REQUIRED ACTION:
Your answer should hold exactly the lines below from the line with "HP EliteBook 1040 G10 (8A3V5EA)" through the line with "Colorado Memory Project", both included, and no pictures at all.

SUPPLIED DATA:

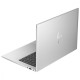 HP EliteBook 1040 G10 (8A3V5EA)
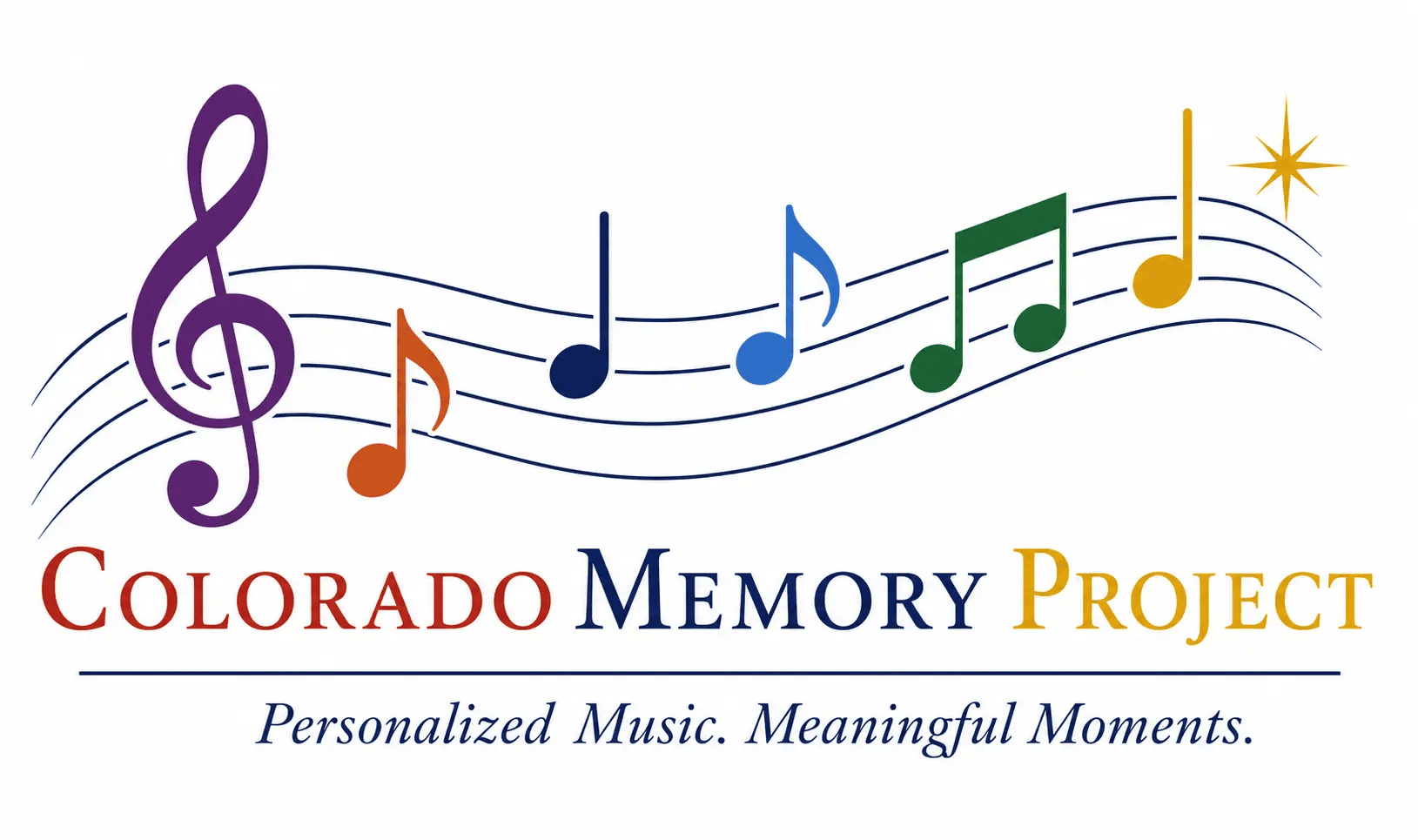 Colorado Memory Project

* * *

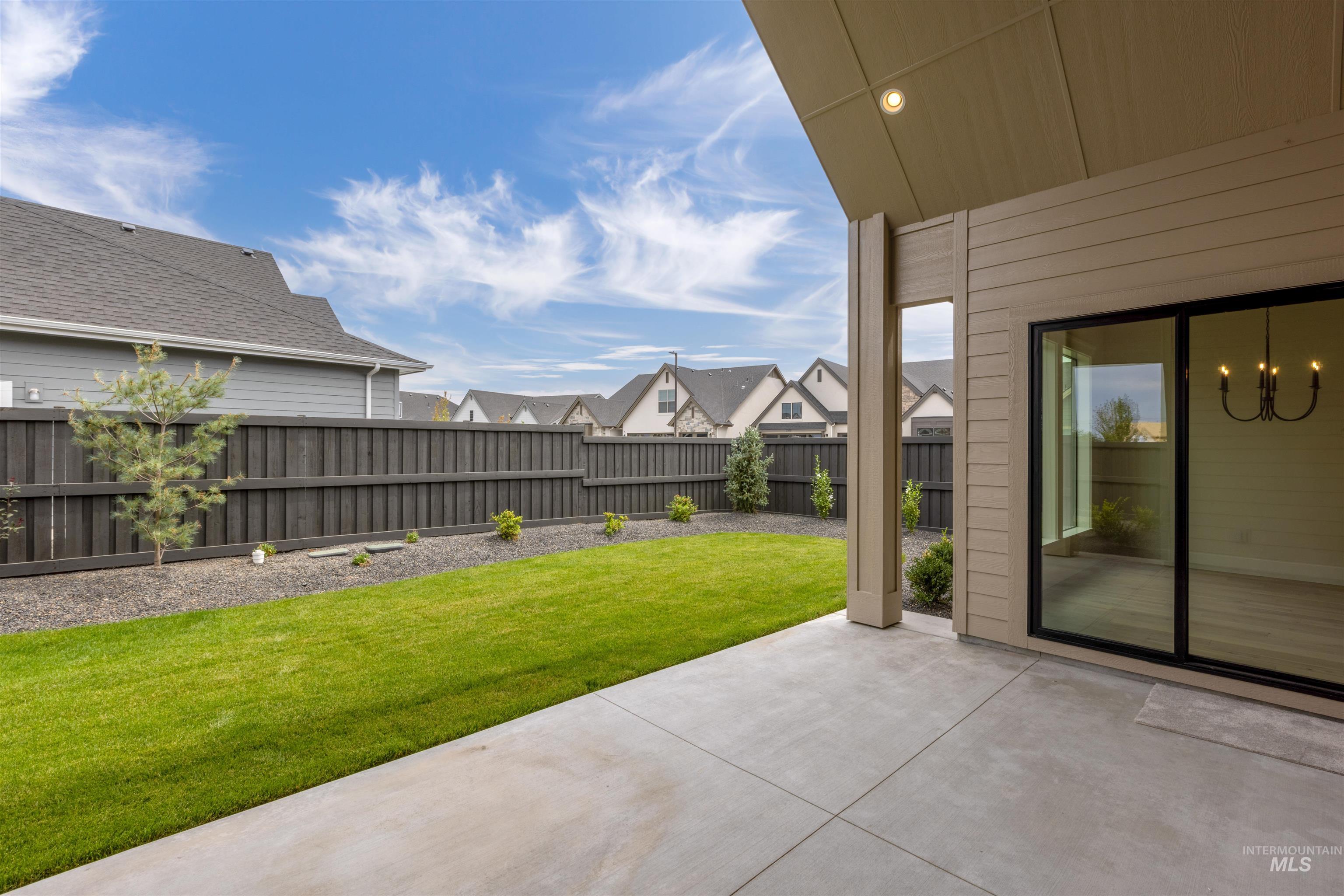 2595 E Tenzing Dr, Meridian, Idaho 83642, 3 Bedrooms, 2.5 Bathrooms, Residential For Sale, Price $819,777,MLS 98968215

--

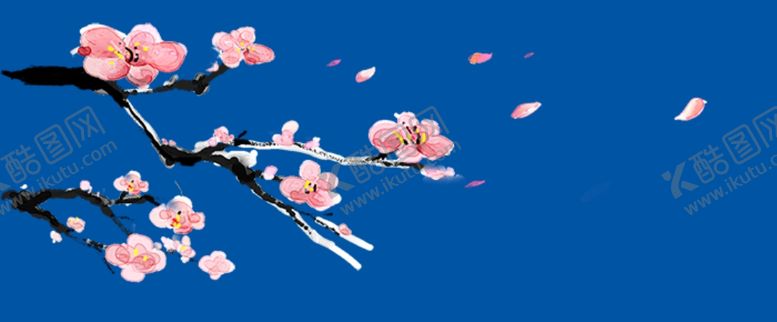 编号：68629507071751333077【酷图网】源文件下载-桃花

ANSWER TO THE PROBLEM:
 HP EliteBook 1040 G10 (8A3V5EA)
 Colorado Memory Project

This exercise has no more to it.